Task details
Stopping at the line that holds "Used 2024 RAM", repeat the lines below exactly, starting from the very first and including that final line.

Data listing
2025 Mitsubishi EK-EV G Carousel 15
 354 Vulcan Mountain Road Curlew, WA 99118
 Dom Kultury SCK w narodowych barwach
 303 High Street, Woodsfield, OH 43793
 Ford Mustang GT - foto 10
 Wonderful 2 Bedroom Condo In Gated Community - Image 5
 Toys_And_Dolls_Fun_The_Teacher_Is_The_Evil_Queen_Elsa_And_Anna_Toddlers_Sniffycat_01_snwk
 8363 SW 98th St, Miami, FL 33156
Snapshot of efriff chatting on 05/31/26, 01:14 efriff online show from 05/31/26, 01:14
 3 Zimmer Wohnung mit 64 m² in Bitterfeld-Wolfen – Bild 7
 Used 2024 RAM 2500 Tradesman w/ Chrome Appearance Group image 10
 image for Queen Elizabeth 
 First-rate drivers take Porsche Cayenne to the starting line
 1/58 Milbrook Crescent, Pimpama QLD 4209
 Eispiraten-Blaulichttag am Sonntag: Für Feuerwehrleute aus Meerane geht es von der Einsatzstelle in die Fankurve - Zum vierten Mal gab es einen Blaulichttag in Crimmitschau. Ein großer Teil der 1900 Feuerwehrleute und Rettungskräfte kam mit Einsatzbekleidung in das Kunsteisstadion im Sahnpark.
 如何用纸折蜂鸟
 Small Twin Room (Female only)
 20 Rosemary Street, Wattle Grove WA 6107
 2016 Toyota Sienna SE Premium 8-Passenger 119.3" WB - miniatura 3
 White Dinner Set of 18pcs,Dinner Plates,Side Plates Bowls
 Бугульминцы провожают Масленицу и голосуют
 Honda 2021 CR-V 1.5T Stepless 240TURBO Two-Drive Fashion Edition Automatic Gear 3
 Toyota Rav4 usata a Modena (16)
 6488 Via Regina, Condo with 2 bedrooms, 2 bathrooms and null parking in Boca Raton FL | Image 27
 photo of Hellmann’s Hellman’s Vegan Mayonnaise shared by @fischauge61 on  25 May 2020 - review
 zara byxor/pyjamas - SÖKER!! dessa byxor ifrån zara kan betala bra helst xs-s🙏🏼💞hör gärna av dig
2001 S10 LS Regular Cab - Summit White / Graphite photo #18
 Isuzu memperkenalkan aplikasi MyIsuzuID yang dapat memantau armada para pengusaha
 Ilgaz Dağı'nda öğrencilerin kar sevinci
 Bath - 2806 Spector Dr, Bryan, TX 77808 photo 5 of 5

Result of this exercise
2025 Mitsubishi EK-EV G Carousel 15
 354 Vulcan Mountain Road Curlew, WA 99118
 Dom Kultury SCK w narodowych barwach
 303 High Street, Woodsfield, OH 43793
 Ford Mustang GT - foto 10
 Wonderful 2 Bedroom Condo In Gated Community - Image 5
 Toys_And_Dolls_Fun_The_Teacher_Is_The_Evil_Queen_Elsa_And_Anna_Toddlers_Sniffycat_01_snwk
 8363 SW 98th St, Miami, FL 33156
Snapshot of efriff chatting on 05/31/26, 01:14 efriff online show from 05/31/26, 01:14
 3 Zimmer Wohnung mit 64 m² in Bitterfeld-Wolfen – Bild 7
 Used 2024 RAM 2500 Tradesman w/ Chrome Appearance Group image 10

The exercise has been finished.